Exercise details - In the entries below, filter for the word "сталь" and copy every matching line.
[Extracted entries — start]
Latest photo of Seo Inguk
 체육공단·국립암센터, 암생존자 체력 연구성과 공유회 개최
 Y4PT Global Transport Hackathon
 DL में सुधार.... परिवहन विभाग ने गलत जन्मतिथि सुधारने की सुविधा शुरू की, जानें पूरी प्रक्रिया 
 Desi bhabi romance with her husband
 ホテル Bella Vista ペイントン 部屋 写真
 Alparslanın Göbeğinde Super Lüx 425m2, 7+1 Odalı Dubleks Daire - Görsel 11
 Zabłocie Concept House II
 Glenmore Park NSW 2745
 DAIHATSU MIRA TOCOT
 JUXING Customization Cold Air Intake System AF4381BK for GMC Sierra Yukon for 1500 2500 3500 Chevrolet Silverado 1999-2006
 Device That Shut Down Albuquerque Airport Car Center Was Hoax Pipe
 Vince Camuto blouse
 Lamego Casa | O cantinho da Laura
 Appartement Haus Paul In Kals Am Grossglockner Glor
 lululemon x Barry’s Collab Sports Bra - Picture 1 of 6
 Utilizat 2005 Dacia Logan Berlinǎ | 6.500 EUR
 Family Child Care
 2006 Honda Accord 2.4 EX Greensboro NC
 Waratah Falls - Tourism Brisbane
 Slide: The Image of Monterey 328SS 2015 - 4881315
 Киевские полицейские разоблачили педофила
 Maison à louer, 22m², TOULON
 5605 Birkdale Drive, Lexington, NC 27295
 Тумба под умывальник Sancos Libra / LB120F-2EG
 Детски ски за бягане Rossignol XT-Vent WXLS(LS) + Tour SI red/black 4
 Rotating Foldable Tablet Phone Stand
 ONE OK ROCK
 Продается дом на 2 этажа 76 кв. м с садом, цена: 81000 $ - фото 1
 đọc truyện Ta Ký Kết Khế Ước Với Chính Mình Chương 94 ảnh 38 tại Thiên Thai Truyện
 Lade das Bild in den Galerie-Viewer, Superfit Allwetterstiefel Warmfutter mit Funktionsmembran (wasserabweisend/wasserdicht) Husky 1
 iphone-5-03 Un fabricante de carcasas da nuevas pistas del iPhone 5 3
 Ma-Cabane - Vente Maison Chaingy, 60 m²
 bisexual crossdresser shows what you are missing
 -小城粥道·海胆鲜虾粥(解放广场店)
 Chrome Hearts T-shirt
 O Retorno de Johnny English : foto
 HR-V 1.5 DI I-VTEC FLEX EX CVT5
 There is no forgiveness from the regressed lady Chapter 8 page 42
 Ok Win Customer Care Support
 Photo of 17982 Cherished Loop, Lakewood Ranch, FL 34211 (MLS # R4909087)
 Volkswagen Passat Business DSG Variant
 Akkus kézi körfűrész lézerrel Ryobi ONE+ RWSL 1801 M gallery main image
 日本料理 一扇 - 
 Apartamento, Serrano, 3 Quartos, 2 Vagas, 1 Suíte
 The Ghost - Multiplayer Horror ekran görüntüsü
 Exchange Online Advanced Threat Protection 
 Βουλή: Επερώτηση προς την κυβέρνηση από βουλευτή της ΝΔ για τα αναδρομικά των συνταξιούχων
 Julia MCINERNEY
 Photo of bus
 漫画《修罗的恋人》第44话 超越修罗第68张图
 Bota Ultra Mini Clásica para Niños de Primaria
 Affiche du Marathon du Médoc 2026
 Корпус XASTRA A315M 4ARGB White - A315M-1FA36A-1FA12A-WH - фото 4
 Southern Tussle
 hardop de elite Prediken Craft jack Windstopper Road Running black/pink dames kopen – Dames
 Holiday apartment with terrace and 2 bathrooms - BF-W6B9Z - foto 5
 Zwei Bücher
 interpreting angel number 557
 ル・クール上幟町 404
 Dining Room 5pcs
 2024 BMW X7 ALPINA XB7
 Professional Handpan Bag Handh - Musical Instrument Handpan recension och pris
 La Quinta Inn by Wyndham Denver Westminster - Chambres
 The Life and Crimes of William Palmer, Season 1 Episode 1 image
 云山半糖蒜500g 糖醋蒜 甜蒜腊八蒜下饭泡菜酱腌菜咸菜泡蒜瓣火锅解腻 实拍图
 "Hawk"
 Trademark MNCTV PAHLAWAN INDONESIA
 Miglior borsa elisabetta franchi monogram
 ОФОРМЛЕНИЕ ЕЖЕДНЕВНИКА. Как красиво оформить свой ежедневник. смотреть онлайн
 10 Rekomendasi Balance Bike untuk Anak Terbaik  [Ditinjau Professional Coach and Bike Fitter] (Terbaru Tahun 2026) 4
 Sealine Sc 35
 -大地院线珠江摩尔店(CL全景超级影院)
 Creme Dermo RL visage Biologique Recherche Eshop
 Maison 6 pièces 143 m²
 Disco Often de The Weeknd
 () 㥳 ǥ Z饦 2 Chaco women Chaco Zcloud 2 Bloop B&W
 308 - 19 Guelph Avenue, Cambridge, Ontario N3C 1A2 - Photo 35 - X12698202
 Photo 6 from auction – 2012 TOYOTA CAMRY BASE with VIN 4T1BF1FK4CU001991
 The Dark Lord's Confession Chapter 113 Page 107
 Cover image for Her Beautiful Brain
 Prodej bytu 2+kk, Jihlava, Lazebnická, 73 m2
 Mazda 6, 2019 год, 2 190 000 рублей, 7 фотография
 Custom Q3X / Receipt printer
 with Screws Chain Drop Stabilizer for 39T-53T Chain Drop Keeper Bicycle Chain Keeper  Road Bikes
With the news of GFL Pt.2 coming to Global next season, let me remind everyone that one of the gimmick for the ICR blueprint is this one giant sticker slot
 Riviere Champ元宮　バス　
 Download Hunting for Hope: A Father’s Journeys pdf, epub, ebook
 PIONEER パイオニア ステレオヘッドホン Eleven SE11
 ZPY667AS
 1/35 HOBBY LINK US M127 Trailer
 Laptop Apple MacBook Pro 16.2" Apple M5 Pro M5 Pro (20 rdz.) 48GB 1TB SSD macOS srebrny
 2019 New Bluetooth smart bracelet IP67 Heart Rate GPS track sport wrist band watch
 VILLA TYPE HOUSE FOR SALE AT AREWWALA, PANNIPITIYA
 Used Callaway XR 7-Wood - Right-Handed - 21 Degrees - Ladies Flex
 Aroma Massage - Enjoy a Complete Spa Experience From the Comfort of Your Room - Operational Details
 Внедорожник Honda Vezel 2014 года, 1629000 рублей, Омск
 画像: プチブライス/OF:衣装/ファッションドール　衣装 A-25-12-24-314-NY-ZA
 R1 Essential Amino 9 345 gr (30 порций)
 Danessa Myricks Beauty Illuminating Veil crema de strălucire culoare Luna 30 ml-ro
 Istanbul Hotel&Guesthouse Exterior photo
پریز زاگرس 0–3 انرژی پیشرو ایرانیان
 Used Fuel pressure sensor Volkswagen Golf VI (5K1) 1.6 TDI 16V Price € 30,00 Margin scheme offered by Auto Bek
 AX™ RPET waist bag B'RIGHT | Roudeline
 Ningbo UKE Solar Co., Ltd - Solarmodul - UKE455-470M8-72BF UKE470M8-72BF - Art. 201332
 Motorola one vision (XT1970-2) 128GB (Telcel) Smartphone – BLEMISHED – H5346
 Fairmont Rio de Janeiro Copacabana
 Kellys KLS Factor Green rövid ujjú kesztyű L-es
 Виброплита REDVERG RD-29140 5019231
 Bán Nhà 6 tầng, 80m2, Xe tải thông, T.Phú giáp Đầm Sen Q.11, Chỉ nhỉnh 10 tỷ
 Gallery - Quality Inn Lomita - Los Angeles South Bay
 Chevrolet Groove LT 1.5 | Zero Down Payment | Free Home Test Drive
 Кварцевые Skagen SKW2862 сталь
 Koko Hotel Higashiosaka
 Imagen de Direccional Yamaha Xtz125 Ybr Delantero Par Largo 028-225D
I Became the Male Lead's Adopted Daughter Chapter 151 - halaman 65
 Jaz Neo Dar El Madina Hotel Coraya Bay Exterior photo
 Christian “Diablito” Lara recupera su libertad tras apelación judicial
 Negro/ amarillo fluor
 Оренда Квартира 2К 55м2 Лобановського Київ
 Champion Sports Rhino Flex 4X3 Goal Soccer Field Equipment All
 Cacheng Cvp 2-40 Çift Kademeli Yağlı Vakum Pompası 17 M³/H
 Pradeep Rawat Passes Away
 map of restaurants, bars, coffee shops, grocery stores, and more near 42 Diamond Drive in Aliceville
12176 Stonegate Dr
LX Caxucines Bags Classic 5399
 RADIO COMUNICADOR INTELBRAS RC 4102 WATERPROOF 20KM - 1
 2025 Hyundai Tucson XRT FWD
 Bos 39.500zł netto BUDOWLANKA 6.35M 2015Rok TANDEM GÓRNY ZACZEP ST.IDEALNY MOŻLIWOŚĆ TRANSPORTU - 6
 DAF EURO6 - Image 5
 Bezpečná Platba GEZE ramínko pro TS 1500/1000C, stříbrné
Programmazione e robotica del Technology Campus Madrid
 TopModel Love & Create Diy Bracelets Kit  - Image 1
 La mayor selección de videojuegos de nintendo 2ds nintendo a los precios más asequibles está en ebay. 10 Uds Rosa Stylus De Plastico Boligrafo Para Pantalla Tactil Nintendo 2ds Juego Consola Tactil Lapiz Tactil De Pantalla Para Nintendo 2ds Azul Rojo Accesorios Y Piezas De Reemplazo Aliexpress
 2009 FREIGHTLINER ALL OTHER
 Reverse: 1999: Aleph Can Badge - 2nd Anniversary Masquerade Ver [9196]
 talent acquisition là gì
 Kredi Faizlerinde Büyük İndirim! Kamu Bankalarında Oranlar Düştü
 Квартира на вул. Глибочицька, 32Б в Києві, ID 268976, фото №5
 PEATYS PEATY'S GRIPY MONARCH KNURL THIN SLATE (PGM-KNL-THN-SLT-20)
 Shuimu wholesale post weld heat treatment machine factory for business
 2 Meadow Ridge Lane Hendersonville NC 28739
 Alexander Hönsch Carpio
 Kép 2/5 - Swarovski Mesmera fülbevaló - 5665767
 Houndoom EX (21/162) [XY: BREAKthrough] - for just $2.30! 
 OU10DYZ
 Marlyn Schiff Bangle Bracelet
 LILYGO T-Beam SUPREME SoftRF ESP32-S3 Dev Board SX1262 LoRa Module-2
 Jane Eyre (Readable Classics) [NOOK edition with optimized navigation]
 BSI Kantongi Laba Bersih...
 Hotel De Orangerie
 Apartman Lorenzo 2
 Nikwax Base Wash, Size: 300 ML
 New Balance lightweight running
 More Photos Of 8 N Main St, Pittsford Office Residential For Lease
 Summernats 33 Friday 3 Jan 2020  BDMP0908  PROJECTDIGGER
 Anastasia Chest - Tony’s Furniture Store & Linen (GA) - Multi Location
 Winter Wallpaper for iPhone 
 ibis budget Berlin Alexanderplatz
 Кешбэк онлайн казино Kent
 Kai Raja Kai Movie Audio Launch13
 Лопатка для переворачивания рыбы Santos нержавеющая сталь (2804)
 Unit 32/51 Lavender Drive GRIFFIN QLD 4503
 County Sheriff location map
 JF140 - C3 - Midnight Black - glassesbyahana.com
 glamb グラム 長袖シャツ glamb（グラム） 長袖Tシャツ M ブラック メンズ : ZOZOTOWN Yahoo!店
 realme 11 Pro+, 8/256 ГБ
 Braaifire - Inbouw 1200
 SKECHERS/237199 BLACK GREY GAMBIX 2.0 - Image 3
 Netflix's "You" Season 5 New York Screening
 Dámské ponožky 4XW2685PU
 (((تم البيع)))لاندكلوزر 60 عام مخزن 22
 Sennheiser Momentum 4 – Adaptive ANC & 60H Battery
[Extracted entries — finish]
Task solution -
 Кварцевые Skagen SKW2862 сталь
 Лопатка для переворачивания рыбы Santos нержавеющая сталь (2804)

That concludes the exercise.